R and WPA guidelines

  1. Be sure you save your script often.

  2. Keep your script clean. Comment out all the text that it’s not R-interpretable by putting an # in front. One should be always able to run your script from beginning to end without getting errors. If you have code that didn’t work (that did give you an error), comment it out. You can then explain in the comment what you think went wrong. Never paste the output in your script, unless it’s required in a specific question. In that case, be sure to comment it out.

  3. Print the output of all new lines of code, to check if they do what you are actually meaning them to. Re-run your script from the start every time you make significant progress, or to test a new chunk of code before starting with the next exercise. Many bugs can be detected by “starting fresh”.

  4. Always clean your workspace at the beginning of your script (e.g., using the command rm(list = ls())). This avoids forgetting old variable names that could mess up with your code.

  5. Avoid using the console window and RStudio “buttons” (such as the ones to import data or to clean your workspace). It’s always better to have all the commands that you used written down in your script so that you can easily retrace what you have done up to that point. Plus, that makes your script entirely reproducible by another user (e.g., me). That’s also why we use R instead of for example SPSS.

  6. Keep all your scripts in one folder, of which you always know the location and the path in your operating system. You can name the folder as you please (e.g., “r-course”) as long as you remember it. Inside this folder, create a sub-folder called “data”, where you will download/save all the datasets that we will use throughout the course. Be sure that you never change the location of this folder and sub-folders/files. This will ensure that you will always be able to re-run your scripts at any point in time. Even better, have a look at Projects, which help to keep separate R projects organized.

  7. Use code completion (Tab key) as much as possible. This not only speeds you up, but it’s incredibly helpful to avoid typos. Also, it allows you to explore possible arguments within a function you didn’t know about, and also know whether a specific function you are planning to use is even loaded in your current environment. Code completion is also your best friend when specifying the path of a file you want to load:

  1. Use the help window in RStudio as much as possible. Search for new functions when you use them for the first time. This will massively improve your knowledge of R, by giving you more ideas of what is even possible to do.

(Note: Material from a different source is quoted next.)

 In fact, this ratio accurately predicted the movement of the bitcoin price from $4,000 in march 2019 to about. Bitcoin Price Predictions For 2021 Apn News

  2. Even though it is possible to specify functions’ arguments without naming them, try to avoid that as much as possible. It’s very easy to confuse the order of arguments and get unexpected results. For example, type seq(from=0, to=10, by=1) instead of seq(0, 10, 1). It also makes it more readable for the “future you” and a different user (e.g., me).

  3. Either use = or <- for assignments, but do it consistently (e.g., either a = 4 or a <- 4), and use _ instead of . in identifiers (e.g., my_variable = 5 instead of my.variable = 5).

Here is an example of how your wpa_1_LastFirst.R file could look like:

# Assignment: WPA 1
# Name: LAST, FIRST
# Date: DAY MONTH YEAR

rm(list = ls()) # clean workspace

# TASK A1
# Add 1 to 1
1 + 1
## [1] 2
# TASK A2
# Draw 100 samples from a standard normal
x = rnorm(100)

# TASK A3
# Conduct a t-test. Write down the p-value.
t.test(x)
## 
##  One Sample t-test
## 
## data:  x
## t = -1.5753, df = 99, p-value = 0.1184
## alternative hypothesis: true mean is not equal to 0
## 95 percent confidence interval:
##  -0.33595267  0.03859809
## sample estimates:
##  mean of x 
## -0.1486773
# p = .04

# TASK A4
# What is the height of dogs that weigh more than 5 kg?
# I tried dogs[dogs['weight'] > 5, height] but didn't work. I suspect that there is a problem with height.